Though Carmelita Torres only took place in one protest, her actions were extremely impactful. Torres was a 17-year-old maid who crossed the Mexican-American border daily to work in a Texas home. Every day, Torres and thousands of Mexican workers were forced to bathe in kerosene and vinegar at the border by U.S. Customs agents, because it was believed the workers were infested with lice. However, in 1917, Torres refused to engage in this humiliating process one day, and sparked thousands of others to refuse the treatment; her resistance became known as The Bath Riots, and Torres never protested again.

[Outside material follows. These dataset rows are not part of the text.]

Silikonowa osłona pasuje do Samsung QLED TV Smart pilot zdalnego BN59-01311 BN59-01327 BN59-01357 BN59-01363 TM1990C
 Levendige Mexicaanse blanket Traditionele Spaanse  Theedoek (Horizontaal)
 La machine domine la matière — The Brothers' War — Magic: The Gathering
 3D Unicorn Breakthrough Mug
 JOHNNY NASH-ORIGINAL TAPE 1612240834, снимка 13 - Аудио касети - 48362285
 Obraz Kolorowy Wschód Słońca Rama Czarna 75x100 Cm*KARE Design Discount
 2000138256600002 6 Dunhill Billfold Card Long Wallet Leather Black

Mexican-American Linda Chavez-Thompson is a powerhouse in the labor movement, who served as the first Latina Vice President on The American Federation of Labor and Congress of Industrial Organizations (AFL-CIO) from 1995 until 2007. She has worked in numerous organizations as a labor leader, including the National Interfaith Committee for Worker Justice, the Institute for Women’s Policy Research and the Congressional Hispanic Caucus Institute. Her work has helped improve the quality of labor unions, and she continues to raise the bar, as she was once the highest ranking women in the labor movement.
Emma Tenayuca was a Mexican-American labor leader, teacher, and community organizer who was jailed many times for her participation in labor rights' protests. The Latinx activist, who was referred to as "La Pasionaria de Texas" (aka, "The Passionflower of Texas"), led the 1938 Pecan-Sheller's Strike for the National Workers' Alliance — a struggle many historians consider to be the first significant victory towards labor equality made by Mexican-Americans. After being blacklisted for joining the Communist Party in 1939, Tenayuca moved to California to pursue an education, and continue her work as a labor leader.
Latinx women have always been essential to the labor movement, despite being routinely left out of the history books and our conversations. On Latina Equal Pay Day, take time to remember these Latinx activists who fought tirelessly for human rights, and keep the activist work they started going.